Amnezi, unutkanlık hastalığıdır. Bellek yitimi yani. Hükümetin hazırladığı yeni sosyal medya tasarısı, “unutma hakkı” diye bir “yenilik” getiriyor. Bile isteye amnezi!
Kim unutmak ister ki geçmişini. Geçmişte çok acı çekenler? Bütün ömrü travmalarla geçenler? Ya da belki, kendi geçmişlerinin sürekli hatırlatılmasından korkan birileri, tüm toplumun amnezi olmasını ister? Bir şekilde unutulmalı bir takım gerçekler.
Böyle düşündü “asrın dünya lideri”. Zira binlerce kovuşturma, soruşturma, tutuklama yetmedi. Ne yapsa, ne etse alamadı ortalığa saçılan bilgi ve belgelerin önünü. Baktı olacak gibi değil. Meclise gönderdiği yeni sosyal medya kanununu ile kurutmaya karar verdi sorunun kökünü!
Tasarıya göre “kişilik haklarına saldırı, iftira, hakaret gibi nedenlerle içeriğin engellenmesi veya çıkarılması”, yetmedi, “unutma hakkı” sözkonusu olabilecek. Böylece “kişilerin isminin geçtiği ve ‘kişilik haklarına saldırı’ olarak nitelendirdiği paylaşımlar arama motorlarında görülmeyecek.” Nasıl da “makul gerekçelerle” sunuluyor değil mi? (Birileri “çanta” mı dedi? “Malum kişiye anlatır gibi”? Merak buyurmayın. Hazır mahkeme kararı da var malum konularda. Tek tuşla görünmez olacak hepsi bundan böyle veri tabanlarında. )
Çoban Sülü’nün o veciz sözünü hatırlar herkes: “Dün dündür, bugün bugündür”! Siyasette dönme sanatının büyük ustası Demirel, işte bu sözle ifade ediyordu burjuva siyasetçilerin durumunu. (Gayet açık sözlüydü rahmetli! “Bana sağcılar adam öldürüyor dedirtemezsiniz” diyen de oydu.)
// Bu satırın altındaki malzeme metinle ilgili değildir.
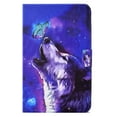 thumbnail image 2 of SaniMore for Samsung Galaxy Tab A 10.1 inch SM-T580/T585 Case, PU Leather Wallet Flip Case Auto Wake/Sleep Card Slots Multiple Viewing Angles Full Wrap Protective Fashion Case, Wolf, 2 of 7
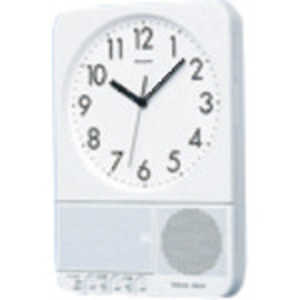 パナソニック　Panasonic 設備時計 オフィス時計(録音機能付ベルタイマー) メロディーウィーク クールホワイト TDW73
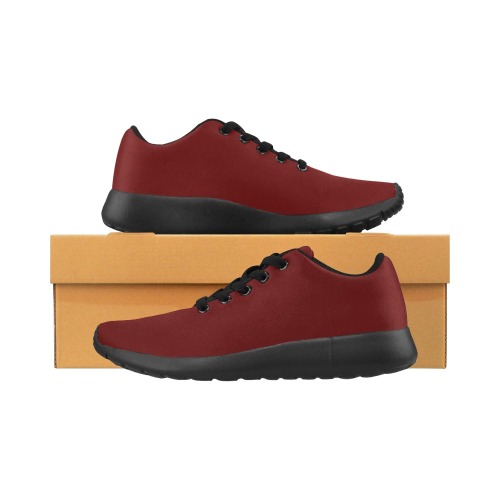 color blood red Men’s Running Shoes (Model 020)
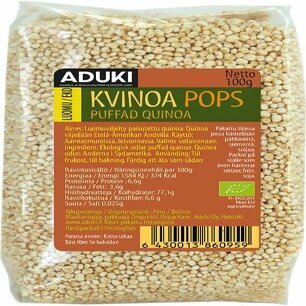 Kvinoa pops, 100 g LUOMU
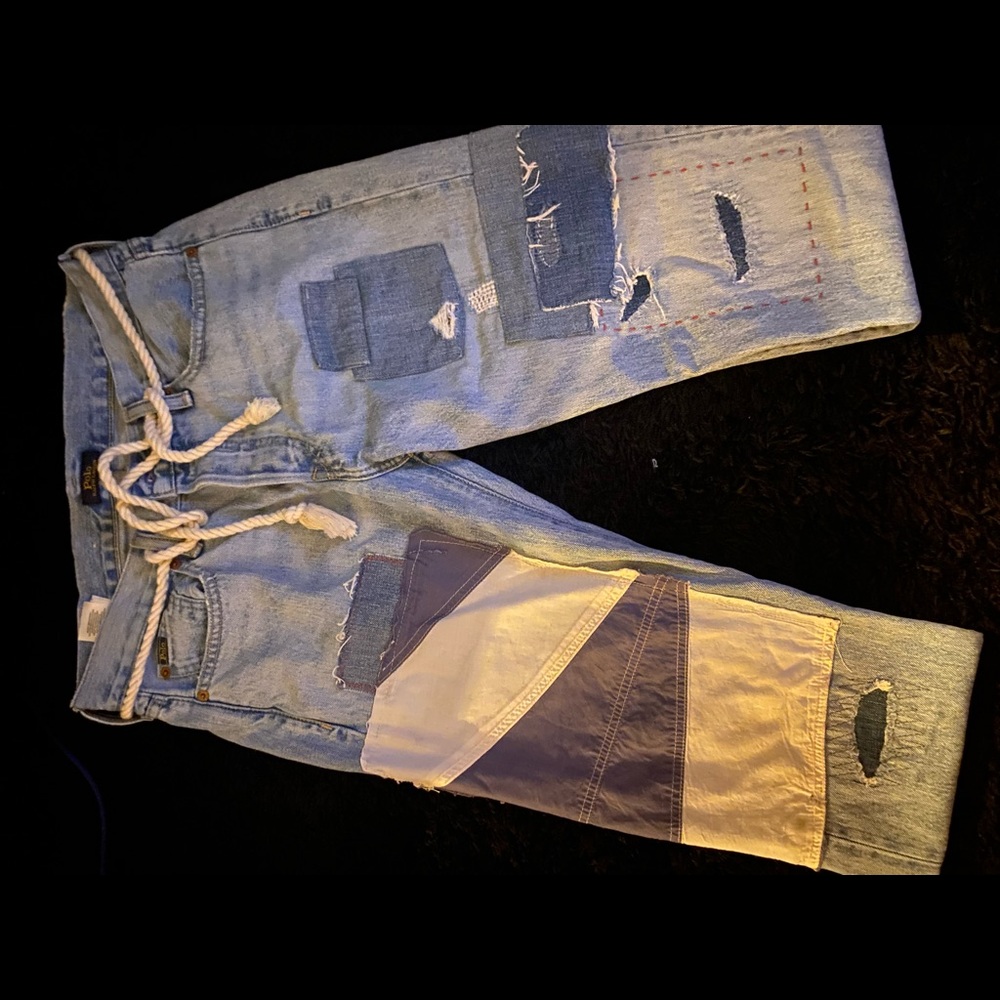 Polo patched jeans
“Milli görüş gömleğini çıkartıp” başbakan olan “aldatılma şampiyonu” RTE, bu keskin dönüşlerinin hatırlatılmasından pek hoşlanmaz. Ekibindeki irili ufaklı herkes... hatta ona selam vermiş “sair efrad” yahut gazeteci kılıklı zevat... Hepsi, ama hepsi korkar kendi geçmişlerinden. Mesela bakın, kim en yüksek perdeden küfrediyorsa Feto’nun tarikatına... geçmişte “hizmet hareketinin başındaki pek muhterem hazret”in el etek öpücüsüdür en ön saflarda. Şaşmaz bir kuraldır bu. Fizik yasaları bile bu keskinlikte değildir!
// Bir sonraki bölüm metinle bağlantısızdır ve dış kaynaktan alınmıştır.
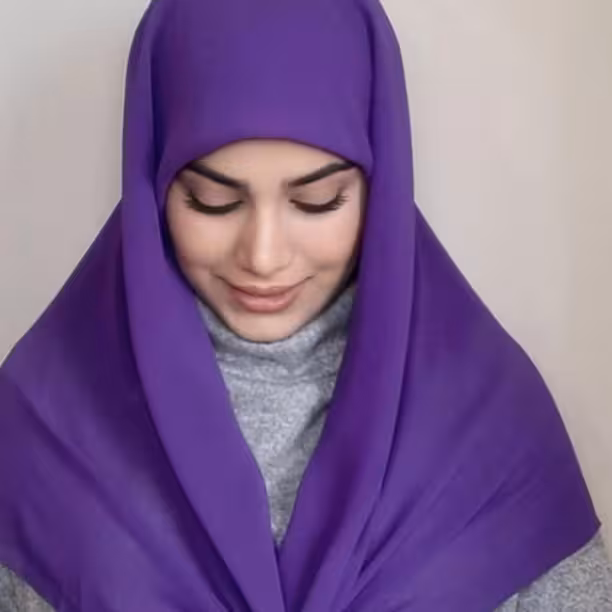 روسری حریر تک رنگ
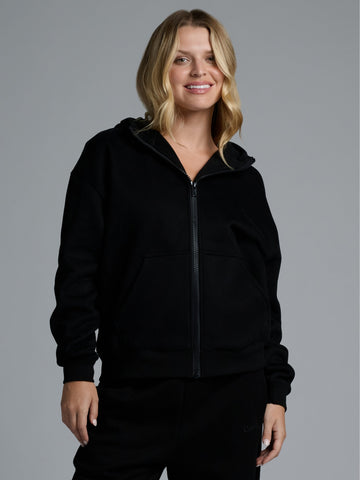 Comfrt Basic Crop Zip Hoodie with CloudTouch Fabric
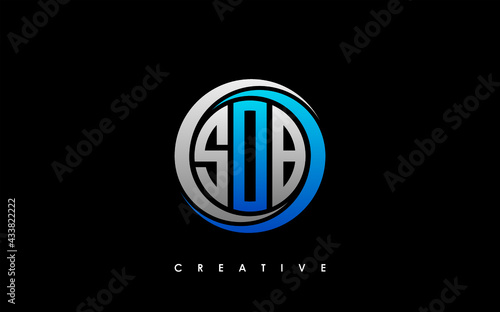 SOB Letter Initial Logo Design Template Vector Illustration
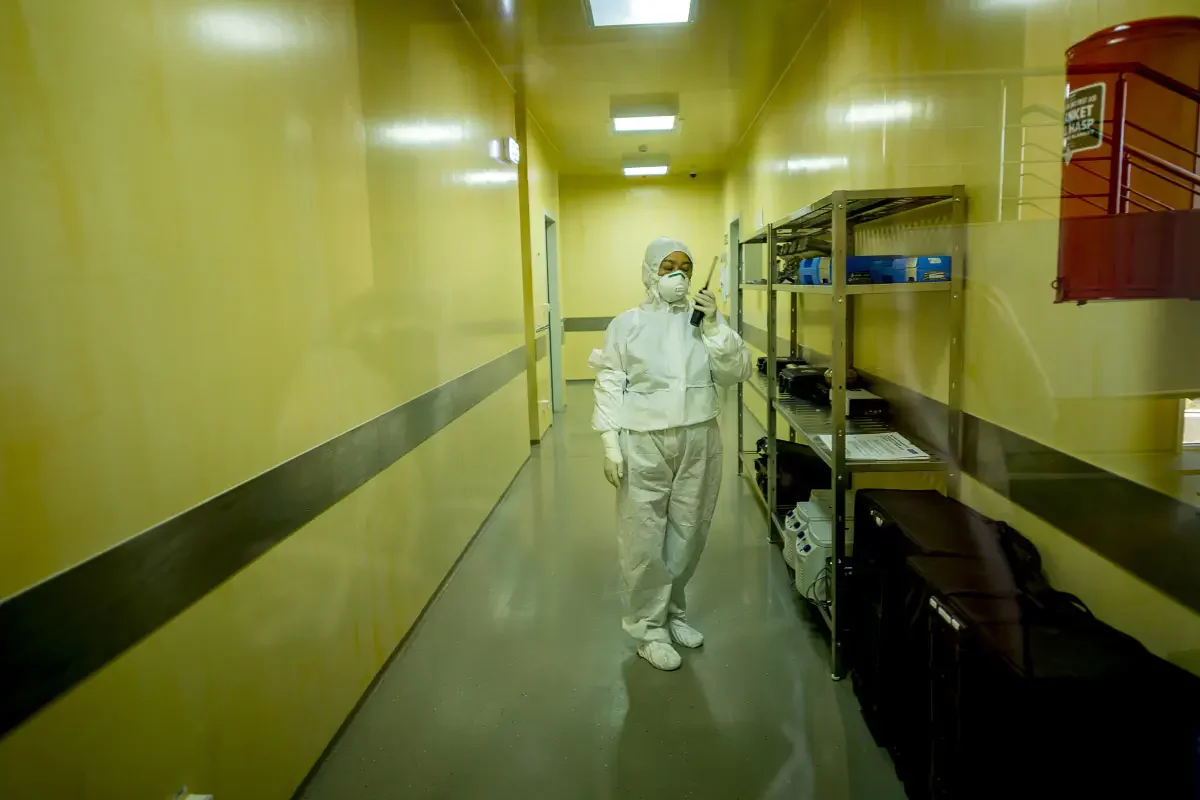 QazVac (QazCovid-in) is the Kazakhstan vaccine against COVID - 19 developed at the Research Institute Problems of Biological Safety. Gvardeyskiy, Zhambyl region, Kazakhstan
Dün ak dediğine bugün kara, dün sövüp saydığı ile bugün can ciğer kuzu sarma... Ve tersten, bugün kan davalı dünkü suç ortaklarıyla.
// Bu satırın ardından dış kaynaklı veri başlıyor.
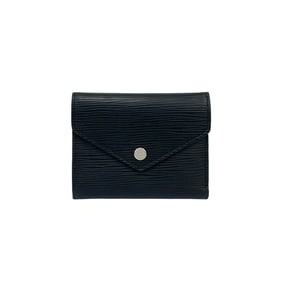 LOUIS VUITTON Louis Vuitton Portefeuille Victorine Epi Leather Tri-fold Wallet Noir 32892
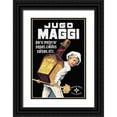 thumbnail image 1 of Advertisement 11x14 Black Ornate Wood Framed with Double Matting Museum Art Print Titled - Cooks: Jugo Maggi, 1 of 4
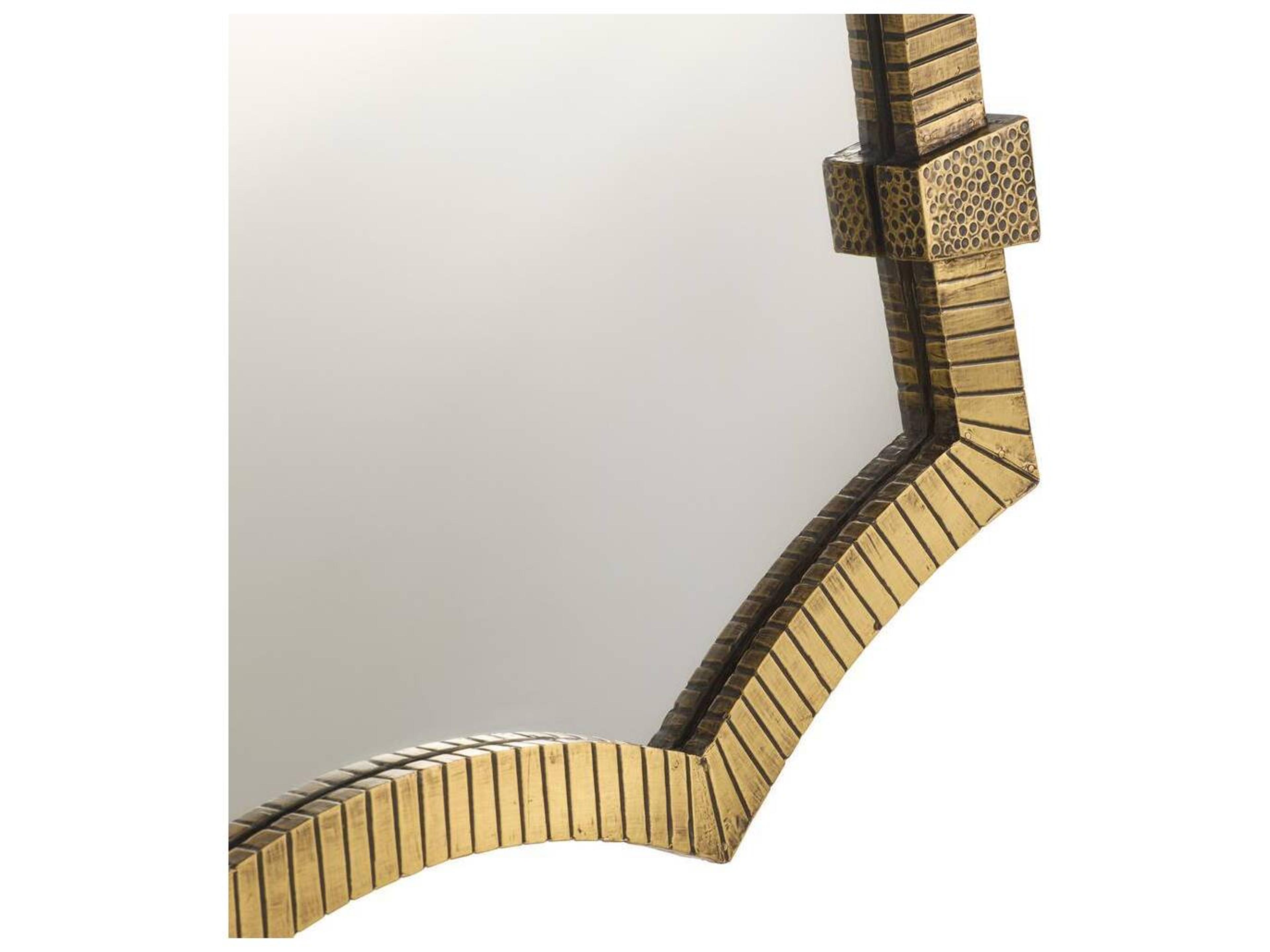 Arteriors Home Antique Brass Wall Mirror Vertical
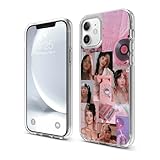 ZHETUODANG Compatible with iPhone 11 Case, Stylish Music Design TPU Slim Shockproof Cover Men Women Gifts Protective Phone Clear Case(Melanie-Martinez-1)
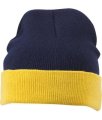 Muts Knitted MB7550 navy/gold-yellow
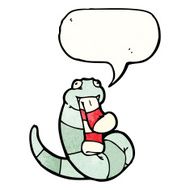 funny cartoon snake N85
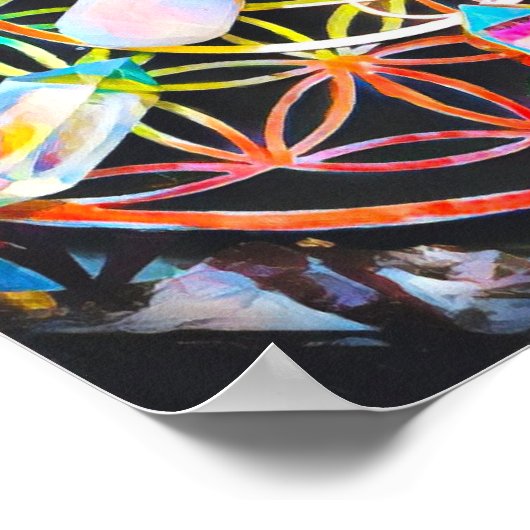 Sacred Geometry Crystal Poster (Hoek)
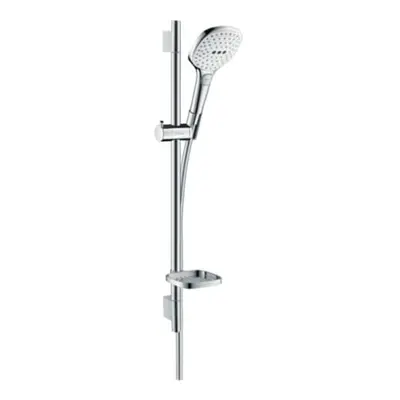 Sprchový set Hansgrohe Raindance Select E na stěnu s mýdlenkou bílá/chrom 26620400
E ne var ki bunda! Burjuva siyasetin alameti farikası değil mi bunca dönüş? Kuşkusuz öyle ama... “asrın dünya liderininki” Chaplin’in “Büyük Diktatör”ünü çırak çıkartacak kadar fazla. Bunca hızlı dönüşün izahı yapılamıyor çoğu zaman.
Ama asıl önemlisi, epi topu bir yüzüklük adamın çeyrek asırlık baş döndüren hikayesi. O kokuşmuş Havuz’daki emirerleri itinayla gizliyorlar tüm hikayeyi ama, internet ve sosyal medya başa bela. Olmadık bilgi ve belgeler, kayıtlar... çeşitli algoritmalarla gerilere atılsa da, bir türlü uçup gitmeyen, silinmeyen veriler. Unutmayan kör olası bir ilginç bellek! Üstelik her yeni yetme çocuğun rahatlıkla ulaşabileceği bir ortamda!
Öyleyse unut(tur)mak lazım tüm bunları bir şekilde. Yeni tasarıdaki “unutma hakkı”nın ereği, bir mahkeme ilamına binaen tek tuşla oluşacak bir toplumsal amnezi. Yok kişilik haklarıymış, yok kişiliğe saldırıymış... (Yine birileri “çanta” dedi sanki!) Lakin unutuyorlar. Zabıt varakası kar etmiyor toplumsal belleğe. Tüm bu çürümüşlüğe duyduğu öfke kadar, kendi devrimci geçmişine kurduğu köprüler de silinmez toplumsal bellekte.